Moen clocked 2:05:48 to become the first European ever to break the 2:06 marathon barrier.

The 26-year-old shattered his previous marathon best by more than four minutes. It was set earlier this year in Hannover (2:10:07) and prior to 2017, his marathon personal best was 2:12:54.

Heading into the race Kenyan Bedan Karoki was the favourite but the impressive Norwegian broke away with 6km to go to record negative splits of 63:19 and 62:29 en route to his historic victory.

Moen’s performance sees him become the first European winner in Fukuoka since 2005 and his time was also 30 seconds just outside Tsegaye Kebede’s course record.

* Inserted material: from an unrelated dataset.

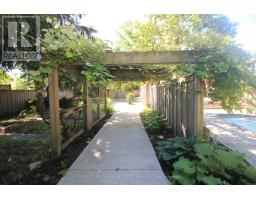 27 CROYDON DRIVE - 39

“I was confident that I could run 2:07, and on a good day perhaps even 2:06, but I did not expect 2:05,” Moen told the IAAF after the race. “Today the weather was good and the pacers did a very good job. I had lots of energy in the closing stages of the race.”

Less than two months ago, on October 22, Moen moved up to third on the European all-time lists for the Half Marathon when he clocked 59:48 in the Valencia Half Marathon. His time was also the second fastest ever by a European on a record-legal course after Mo Farah’s European record of 59:32 set in Lisbon two years ago.

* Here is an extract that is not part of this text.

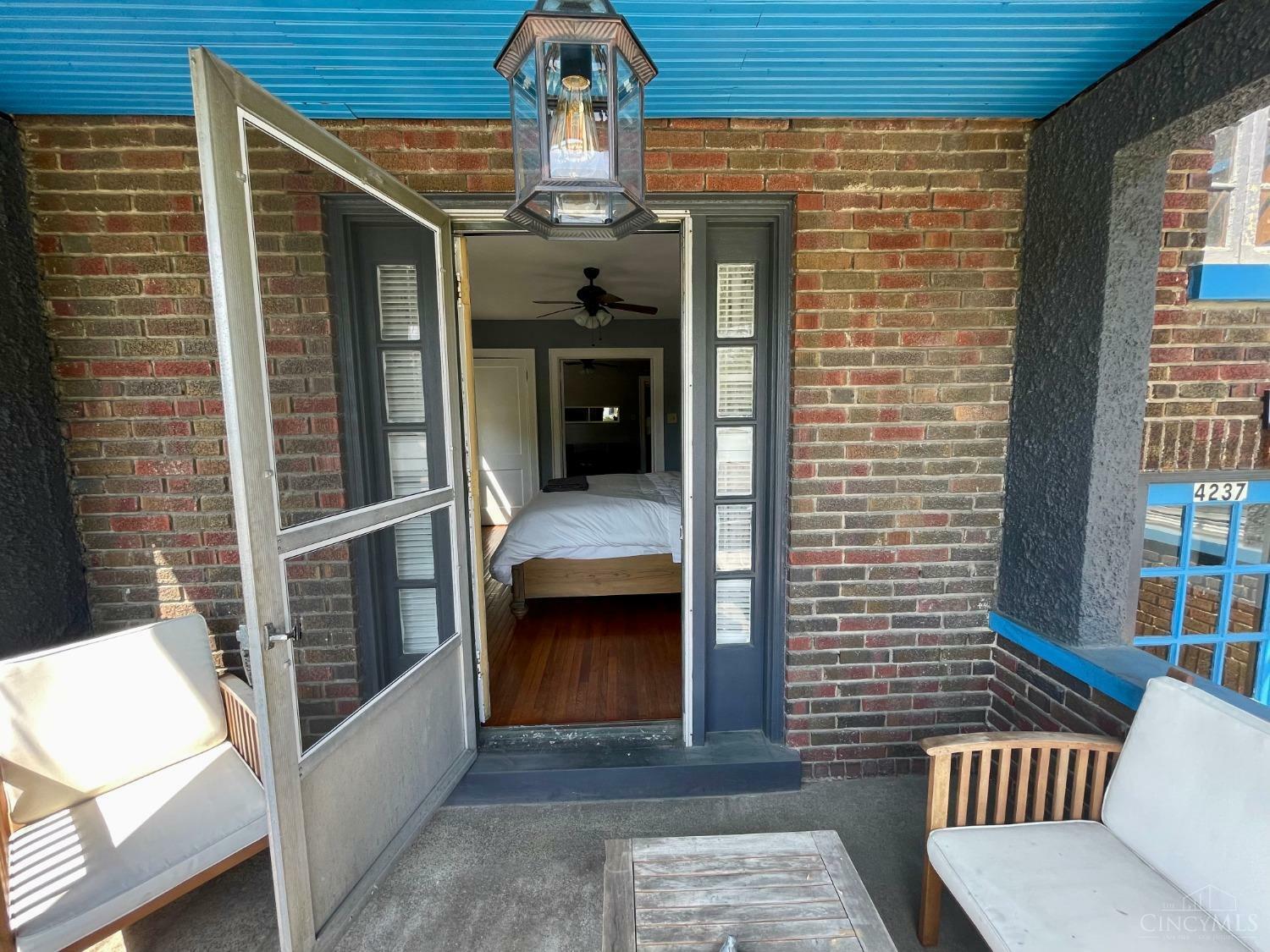 Property Photo:  4237 Vine Street  OH 45217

“I knew that the European record was about 25 seconds faster than three-minutes-per-kilometre pace,” Moen went on to say. “Between 36 and 37 kilometres, I felt some side-stitches and so did not feel very confident, so I tried to keep an even pace. At 40 kilometres (which he reached in 1:59:23), I felt confident that I could break it.

“I ran 2:05 today,” said Moen, “but I am not sure if people back in Norway realise how good a 2:05 marathon is.”

Stephen Kiprotich of Uganda finished second clocking 2:07:10, nine seconds ahead of Japan’s Suguru Osako with 2:07:19.